Re: Big PING Ideas

> On Apr 13, 2019, at 14:22 , Nick Doty <npdoty@ischool.berkeley.edu> wrote:
> 
> On Apr 10, 2019, at 11:36 AM, Pete Snyder <psnyder@brave.com> wrote:
>> 
>> (Separate thread)
>> 
>> At the AC meeting, Jeff challenged us to suggest ideas that would improve privacy on the web, and not just prevent new standards from making it worse.  I think this is a great idea.
> 
> I think that’s exactly the right question to be thinking about: just mitigating against the problems introduced by new features is neither as satisfying nor as productive as exploring how we can improve user privacy on the platform generally.

Yes.  This is my plea:  Design or Re-design for privacy.  It’s not a back-end check by a few PING people.
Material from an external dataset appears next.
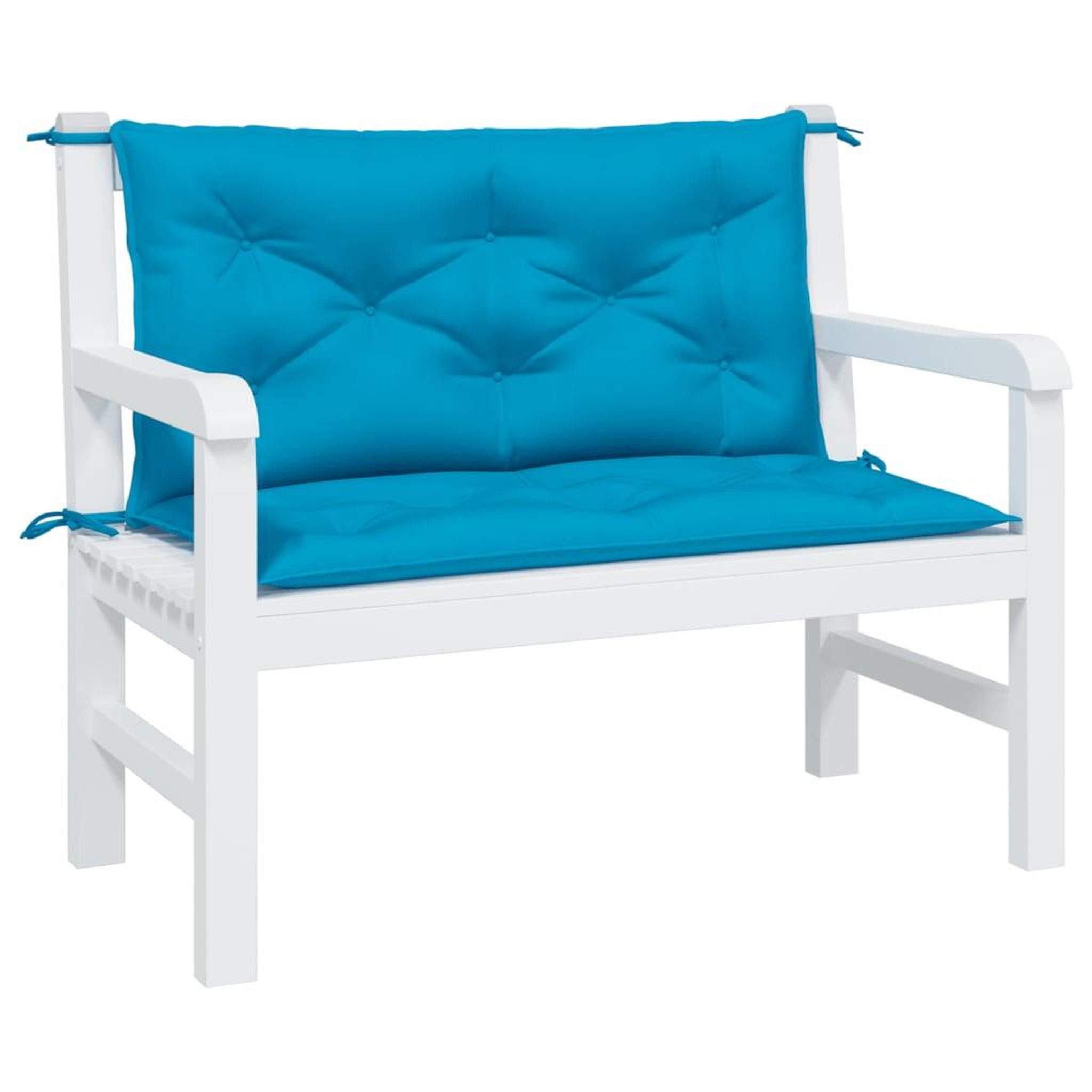Voir la diapositive 3 : VIDAXL Coussins de banc de jardin lot de 2 bleu clair tissu Oxford
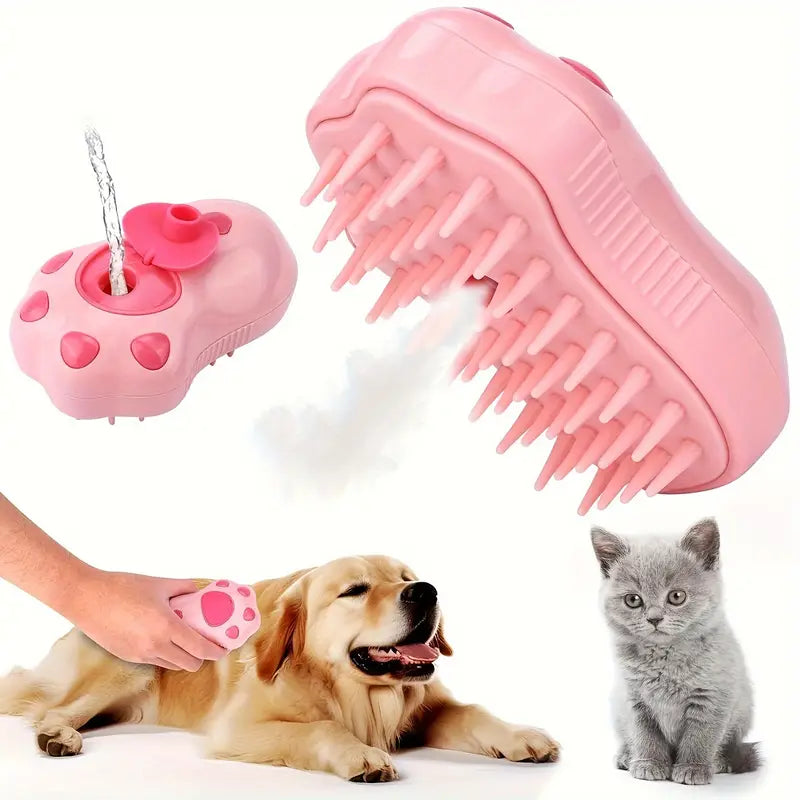 Brosse de Massage Électrique pour Chats et Chiens – Brosse Rechargeable avec Vapeur Apaisante et Picots Souples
I think it might help to ask:

* Reduce identification. If I choose not to self-identify, how can we reduce or eliminate identifiability (fingerprinting, cookies that identify me, etc.)?
* Once I am identified, how can I reduce the amount learned about me by various sites:
  * Directly from my own interactions
  * Relayed from site to site
* Once something is learned about me, 
  * how can I reduce the amount it’s retained and propagated?
  * How can I limit the amount of data that’s combined together (and used for inference)?
* How can we help people see roughly what a site might know and be learning about them?

* Can we confuse any of these mechanisms?
* Are we enabling sites to answer the minimal question (“did this advert work?”, “does this user have an account and hence rights to view?” rather than “who is this user and what do we know about them?”)


David Singer
Manager, Software Standards, Apple Inc.